Von Zeit zu Zeit wirft die Geschichte ihre leeren Flaschen aus dem Fenster, und es gibt tausend gute Gründe, das Ende des dotcom-Booms, das Verschwinden der digitalen Shopping Malls und das Verstummen des sie begleitenden Geschwätzes mit Schadenfreude zu quittieren. Dass gerade den Kommerzialisierungsgegnern und Netzkritikern der ersten Stunde jedoch kein einziger dieser Gründe mehr einfallen mag, liegt weniger an ihrer legendär kurzen Aufmerksamkeitsspanne, als vielmehr an einer verborgenen und zugleich umso offensichtlicheren ideologischen Verwandtschaft zwischen den Visionären einer alternativ-autonom-anarchischen Netzkultur und den Apologeten der neuen digitalen Ökonomien und Märkte.

Wenn es sich beim Zusammenbruch des e-Commerce um das Platzen einer "Spekulationsblase" gehandelt hat, dann war die grundlegende Hypothese, der schlagartig alle heiße Luft entwichen ist, vor allem die Wette, in den digitalen Netzen lasse sich der Kapitalismus an seine Grenze treiben und das Internet werde eines Tages deleuzianisch gewesen sein.
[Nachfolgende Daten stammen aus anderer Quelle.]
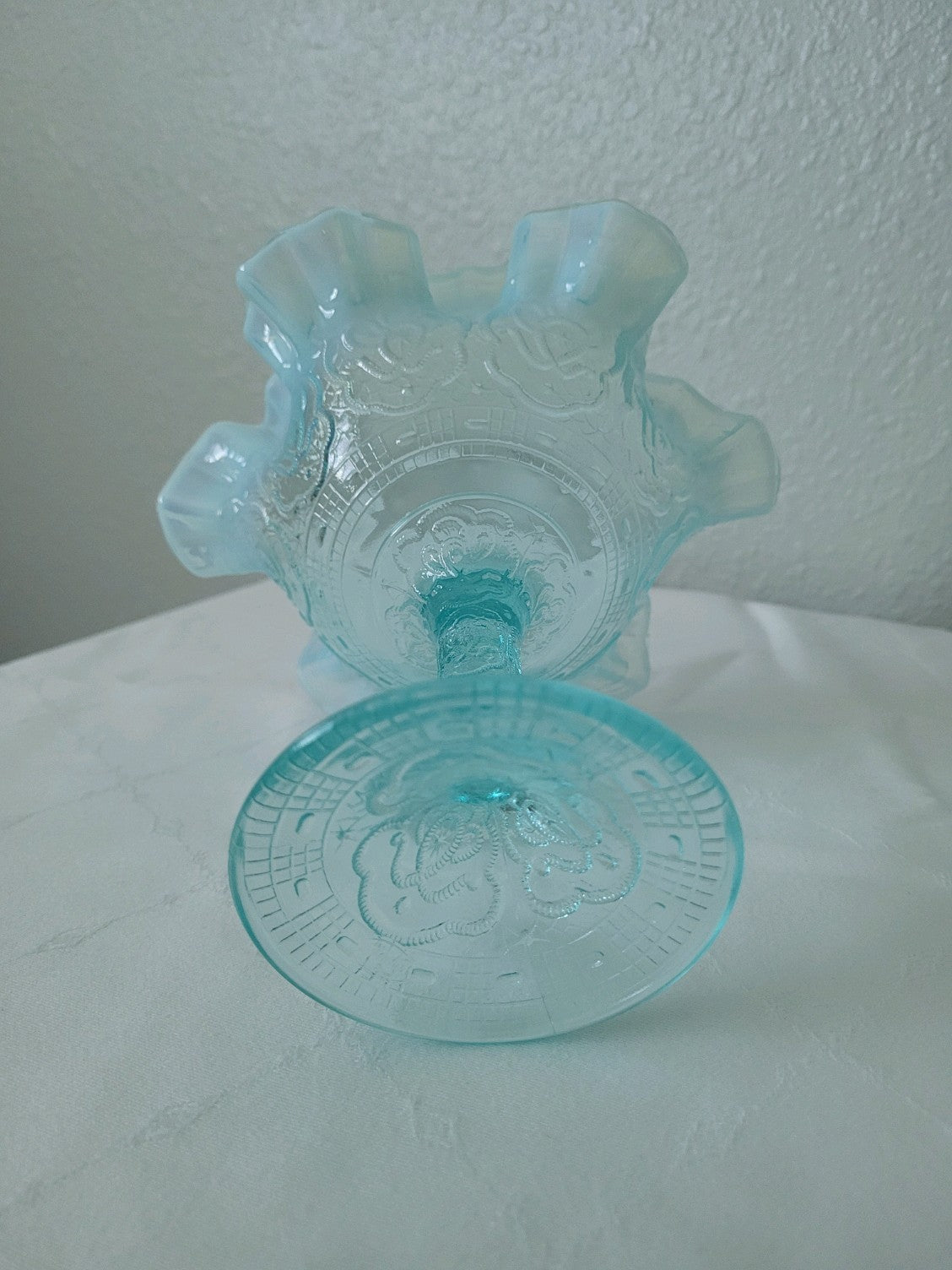 Fenton Blue Glass Compote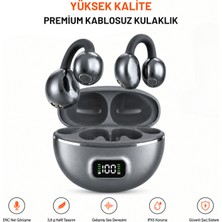 Ayers Premium Küpe Tipi Kablosuz Bluetooth Kulaklık, Dijital Şarj Göstergeli, Enc Net Görüşme, 3,8 G Hafif Ergonomik Tasarım, Ipx5 Koruma, Kadın Erkek Tws Kulaklık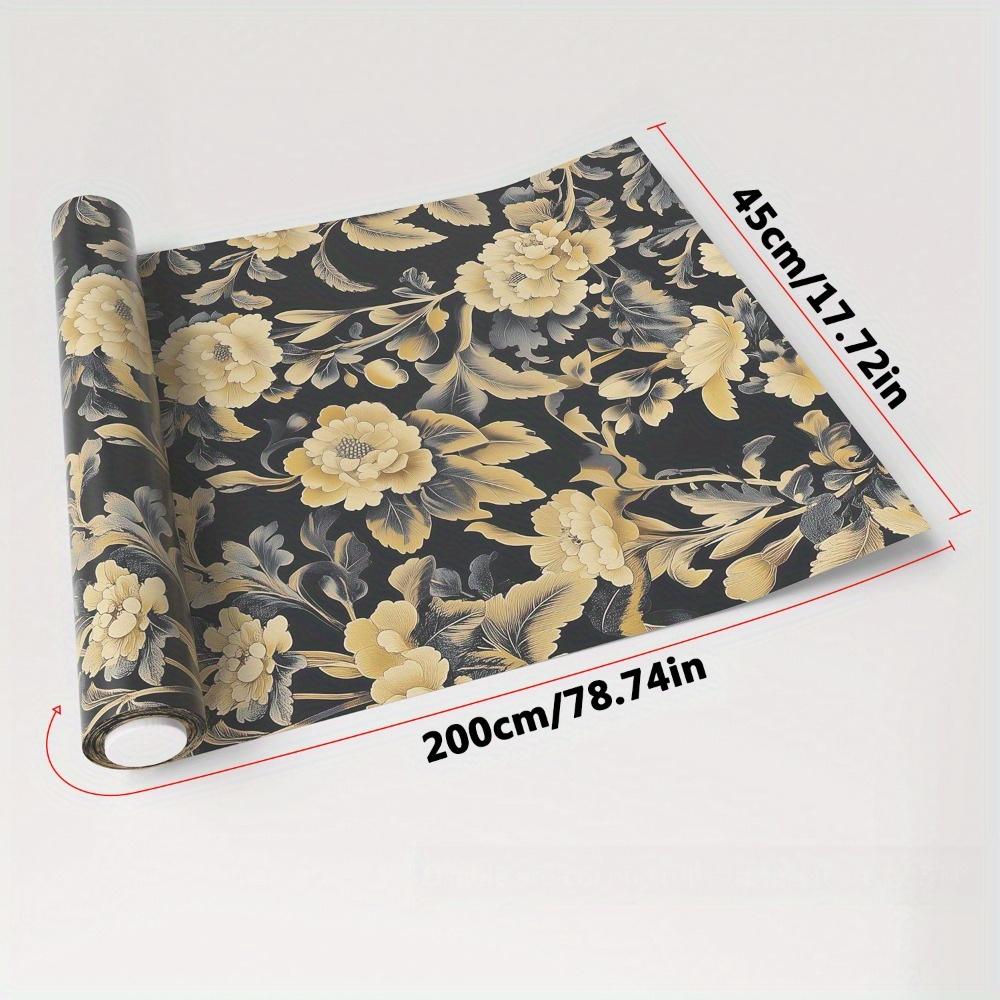 

1 шт. Черный фон Золотые цветы Обои Самоклеящиеся наклейки на стену в стиле бохо Съемные водостойкие винтажные цветочные декоративные наклейки 1pc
Eine Archäologie des vermeintlichen Wissens, das unter den Trümmern der Startups von gestern und in den Ruinen der Netzkritik von vorgestern begraben liegt, würde in beiden Fällen auf die gleichen Bruchstücke einer hoffnungslos euphorischen Verwendung jener Begriffe stoßen, in denen Deleuze und Guattari Ende der Sechziger bis Ende der Siebziger den Kapitalismus zu denken versucht haben.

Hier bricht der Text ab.